The regulars are curiously unlikable here: I've never warmed to Amy's shouty unearned confidence, but can usually rely on Matt Smith no matter what the material; but, his relentless focus on a harmless seeming monster rather than what the audience knows is the real story makes him seem uncaring. Plus, no matter what 'everything sounds like Coldplay now' tune is ladled over it, the ending is wrong: it's supposed to jerk tears, but it just elicited anger in this viewer. The Doctor has no right to take Vincent into the future of his own legacy, and the script has no right to presuppose what this might have meant or done to him. Lots of people really love this story, so maybe it's just me. There are some things to recommend it: there's a great performance from Tony Curran, a little too self aware I think, but that's the fault of the script not him; it's shot well in sumptuous locations; the recurring moments of tableau where the on screen visual matches a famous Van Gogh painting are also nice, and there are some good gags here and there. That's not enough, though, to save it; the underlying script is too flawed - it needed extensive work, or abandoning all together.

Connectivity: 
Very tough one this: I can't really see much of a link between Vincent and the Doctor and The Ark in Space. The monsters have a very loose connection being both based on exaggerated examples from nature (a parasitic wasp and a crazy chicken). There's mention of the Krafayis creatures travelling through space in groups and not making planet-fall often, which is similar to the Wirrn too.

Deeper Thoughts:
Adventures in Holiday Parenting (Part 1). We've put off taking the kids (boys of 12 and 8, girl of 6) on a foreign holiday until now. We wanted them to be old enough to enjoy it, remember it, and - to be frank - be old enough not to be a nightmare on a plane or in an airport. In the meantime, we've had some great adventures in the UK (the break spent in Leeds Castle was a definitely highlight, and not just because Androids of Tara was filmed there, honest!). But it was long past due to roam a little wider, not least as there's still a customs union and free movement, who knows how they'll remain. It was only on the plane - upon which, all three kids were good as gold, by the by - that I realised my eldest was the same age, give or take a week or two - that I was when I first went on a foreign holiday. In 1984, I travelled with my mother, grandfather and sister to Malta. I'd been concerned with what my own children would remember from this trip, so cast my mind back to see what I recalled of my first jaunt, and it mostly involved Fighting Fantasy novels.

City of Thieves (Malta)
Malta was not then the tourist haven (nor tax haven) that it has become since; I don't remember beaches, I just remember rocks. We weren't lucky with the weather either - there was quite a bit of rain. So, I mainly remember sitting around the hotel keeping myself busy playing the aforementioned game books, which were popular (certainly popular with me) at the time. City of Thieves is the one that I definitely remember having with me, a rather good example of the genre by Ian Livingstone, one of the two founders of the range. For the uninitiated, these are books divided into 400 numbered passages, where you can make choices - to go east, turn to 268, that sort of thing - plus use dice to simulate sword fights, luck and tests of strength. If you make it through these, you reach the end (which is always passage number 400) and win. I was almost as keen on them in those days as I was on Doctor Who.

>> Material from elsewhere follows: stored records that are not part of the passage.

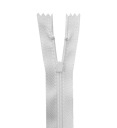 Zips na obliečky 75cm BIELY 1 ks.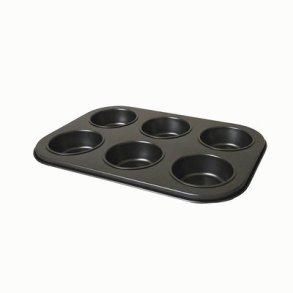 MUFFINSFORM  FOR 6 MUFFINS, NONSTICK/SLIPPLETT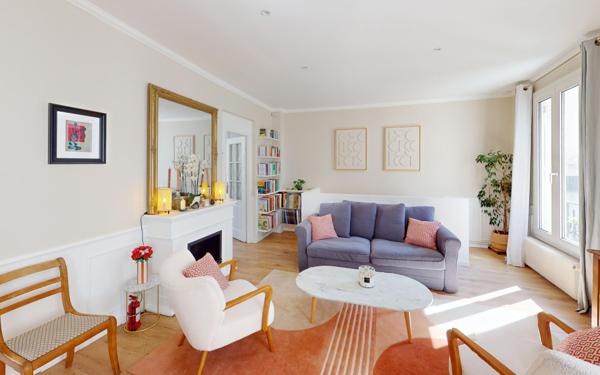 Appartement à vendre    3 pièces • 60,37 m2 Boulogne-Billancourt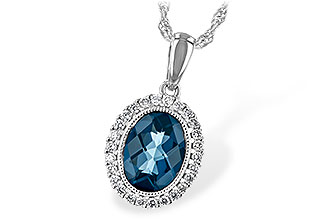 H235-10288: NECK 1.28 LONDON BLUE TOPAZ 1.41 TGW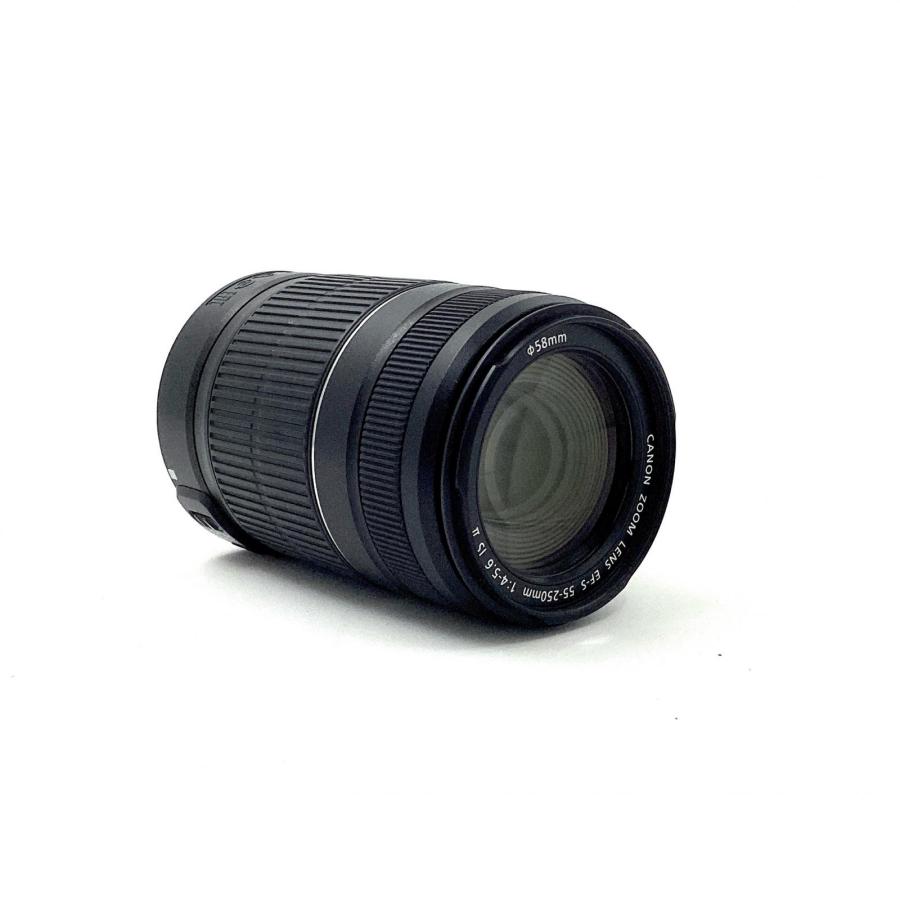 キヤノン 【全額返金保証】【最速発送】Canon EF-S55-250mm F4-5.6 IS  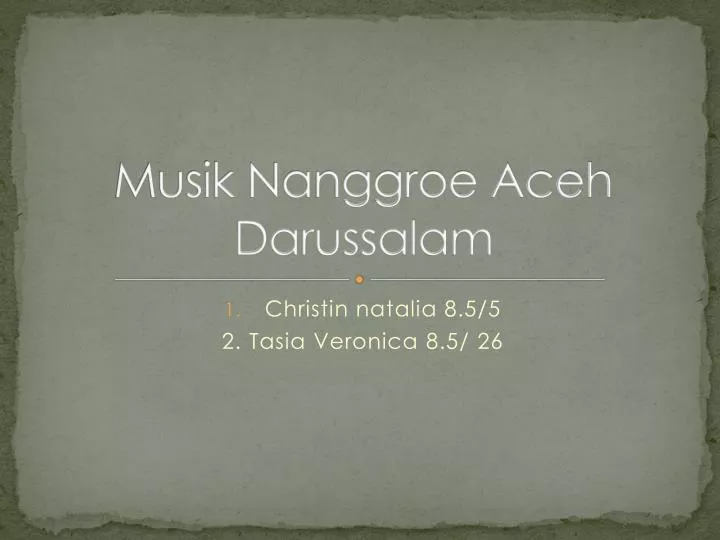 musik nanggroe aceh darussalam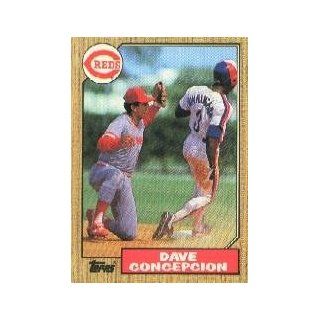 1987 Topps #731 Dave Concepcion: Sports Collectibles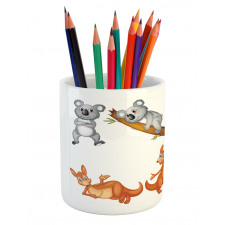 Kangaroos Koalas Pencil Pen Holder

It's curious that I have no memory of taking any Doctor Who novelisations on that holiday, though I remember The Awakening by Eric Pringle getting a bit water damaged when I read it poolside on holiday in Spain with my Dad the following year (the rest of that holiday I remember mostly drinking Fanta Limón while playing a Popeye arcade game, battling with a German teenager for who had the high score that day). So, the little minor entertainments can end up being the most memorable things. This makes one wonder whether it's worth spending so much money. I don't know how much Malta would have cost, but enough to want myself to remember more than rocks; I could have read that book anywhere, after all.

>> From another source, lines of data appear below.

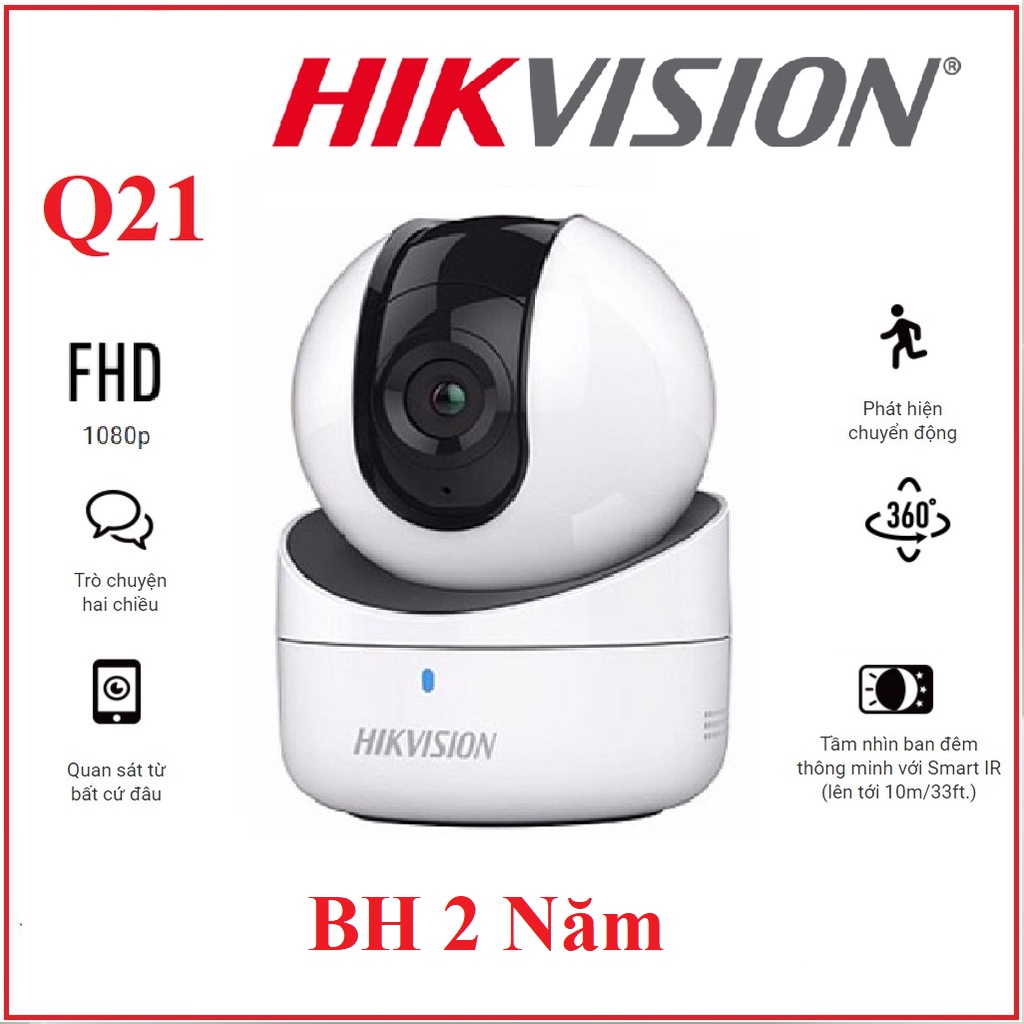 Camera IP Wifi Hikvision Q21 DS-2CV2Q21EFD-IW Xoay 360 Độ Đàm Thoại 2 Chiều - Hàng Chính Hãng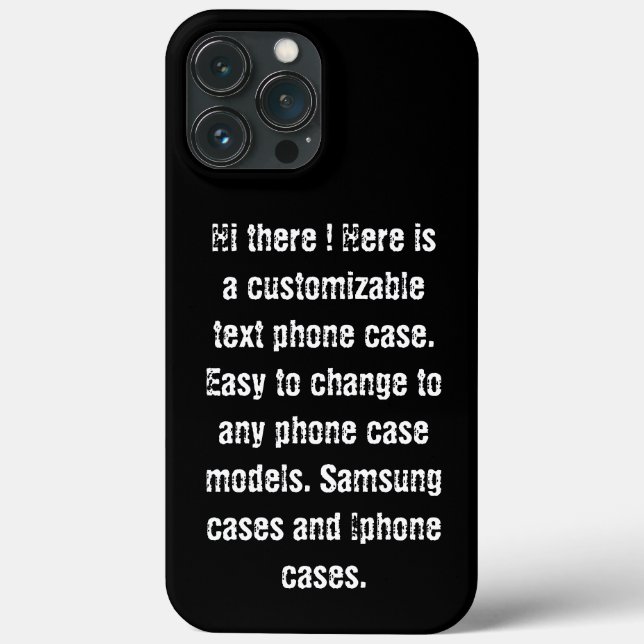 Custom DIY text modern trendy black and white chic Case-Mate iPhone Case (Back)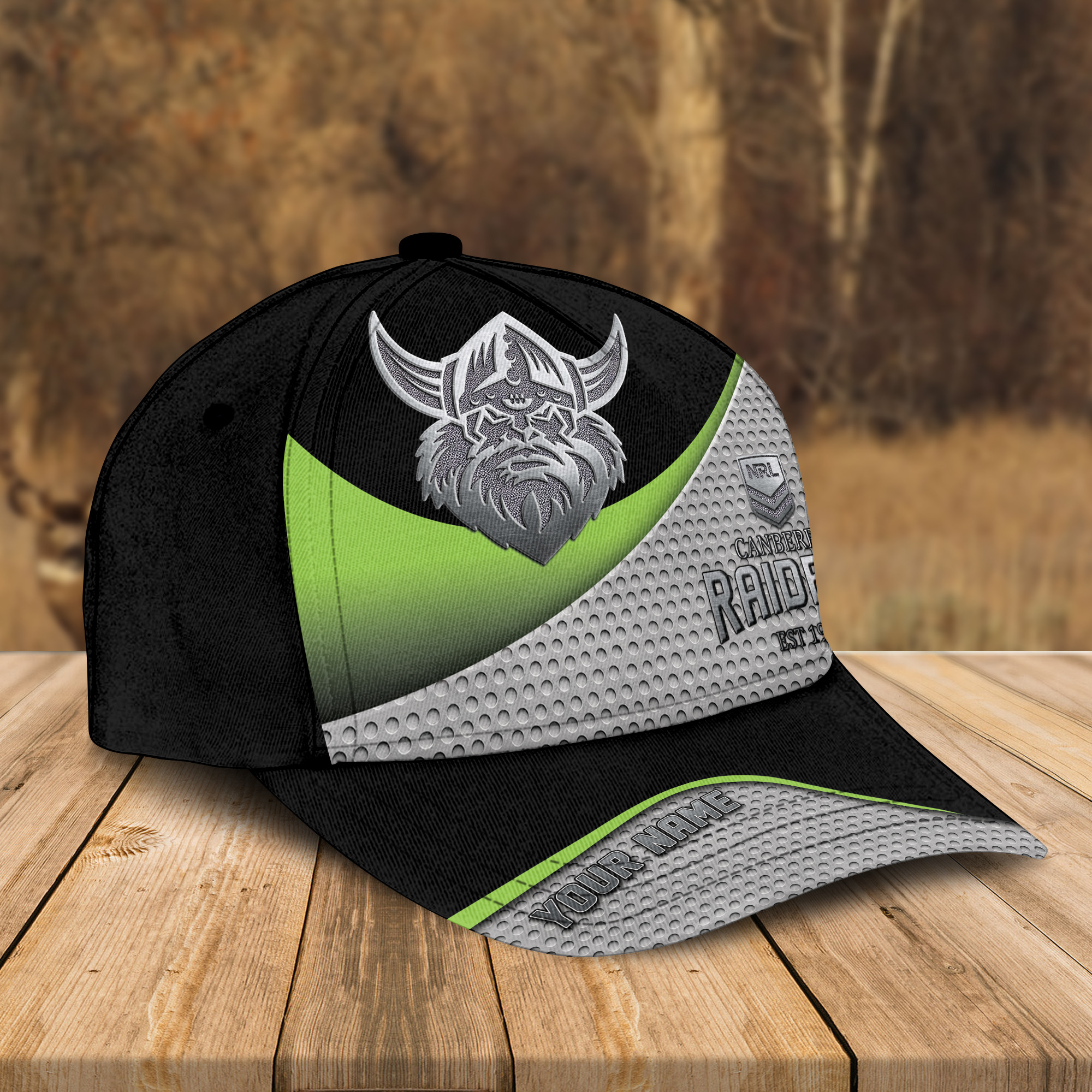 Adeenyc Canberra Raiders NRL Personalized Classic Cap Best Gift For Fans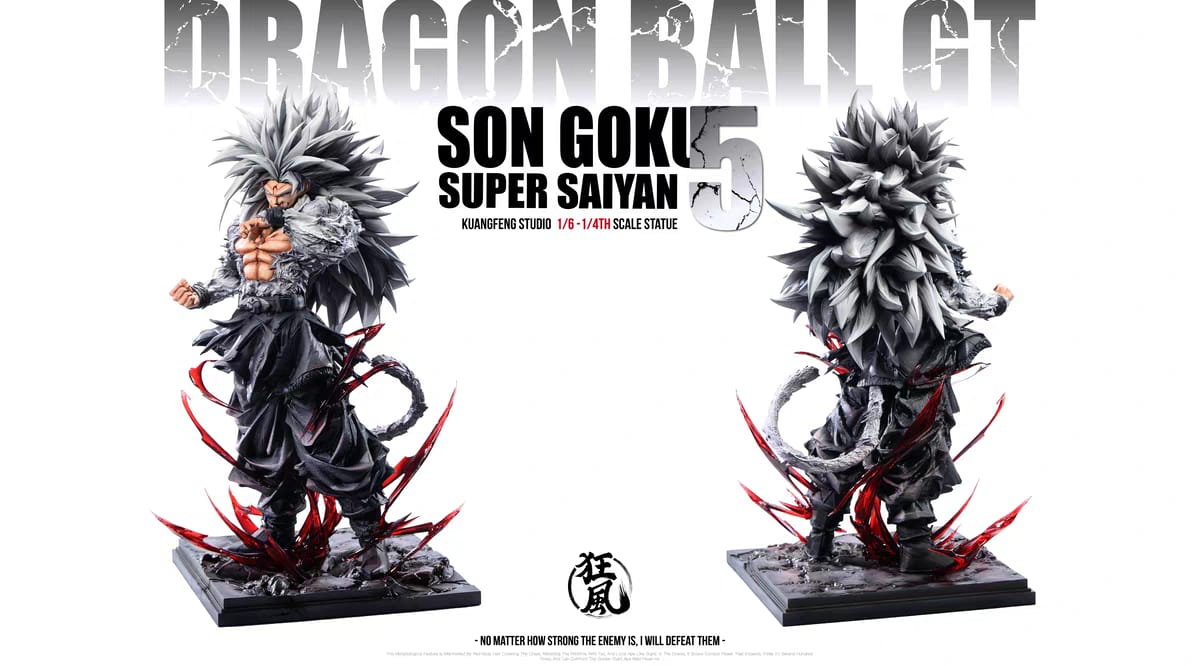 Pre Order Dragon Ball GT Goku Super Saiyan 4 Kungfeng studio Resin Limited Edition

City of Thieves (Tenerife)
Maybe this trip would be different, though. For my 2018 excursion, I'd selected my holiday reading carefully; having not had a chance to read Robert Webb's How Not to Be a Boy since it was published last year, but hearing many many good things about it, I'd got myself a copy. I was concerned though, that I might finish it before the trip was out, so I ordered another book too: a recently re-released edition of City of Thieves by Ian Livingstone. As I said, the parallels between my first ever foreign holiday and this 2018 trip only occurred to me when I'd already left England, so this was not deliberate. But maybe my subconscious was trying to clue me in. I'd picked it as I wanted something light - I'm not one who can handle Proust when I've got sand between my toes, but I don't object to packing dice. I also thought (hoped?) one of the kids might want a go of it after me. I've previously had some success introducing the kids to these books, which of late have had something of a renaissance. But, as many will know, sometimes too much parental enthusiasm can be the kiss of death to a child's curiosity.

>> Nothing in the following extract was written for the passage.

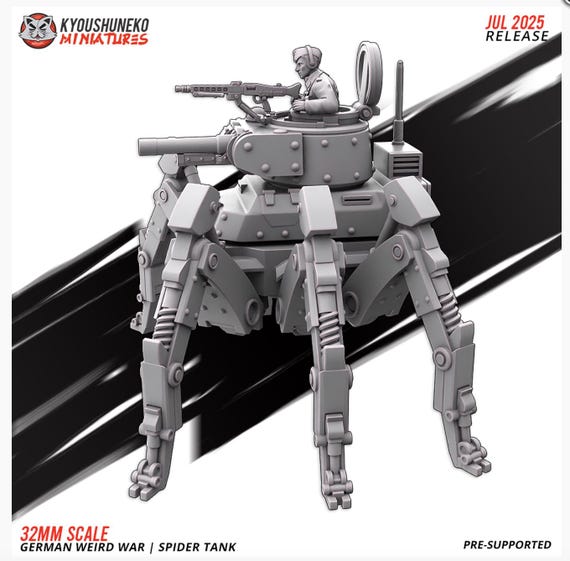 Modern Weird War-light Ambush Walker - German Weird War | Spider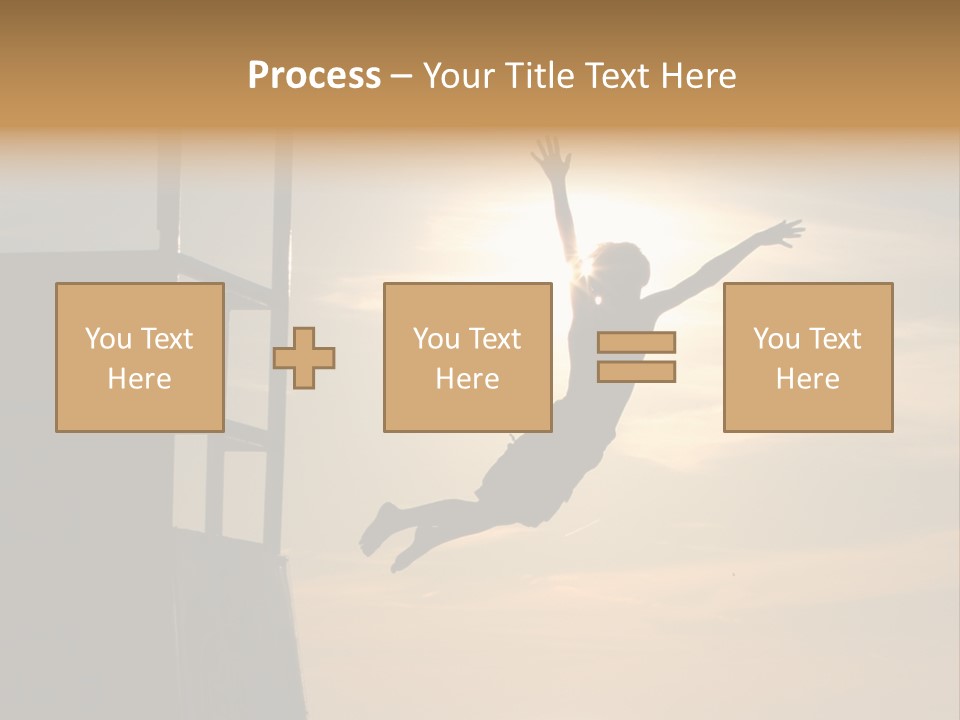 Silhouette Of Boy Jumping Off Lifeguard Stand PowerPoint Template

I'd also not factored in modern technology. A holiday let doesn't come with a DVD player as standard, but wi-fi is definitely expected. The same kind of streaming services which allowed me to take a Doctor Who story with me to Tenerife, meant the kids could watch all the Netflix shows and youtube videos they watch at home on their tablets (which were also definitely expected, and had to be brought with us). Even if it had rained (it didn't) there was minimal chance of them getting bored for one second. But also, there was minimal chance of them discovering anything new, or just savouring a small amount of something familiar, as I had with my Fighting Fantasy book. I tried in vain to explain how, when I was their age, you couldn't access much of back home when you were away, and it couldn't access you. You drank Fanta Limón because you literally couldn't get it in England, and parents read British papers that were a day old, because they couldn't read the news at the touch of a touchscreen. But I had no luck persuading them to pry themselves away from their screens to try City of Thieves. They all liked Fanta Limón though.

The blogger abroad (Fanta Limón not pictured)

So, how did all this lead me to question myself and my parenting? If you want to know more, turn to the Deeper Thoughts section of the 'Sleep No More' blog post when I get it published (it's coming next); if you'd rather not, then turn to... well, whatever you want - can I recommend reading a good book, perhaps? Till next time.

In Summary:
Not everyone, however talented and well-meaning elsewhere, can write Doctor Who.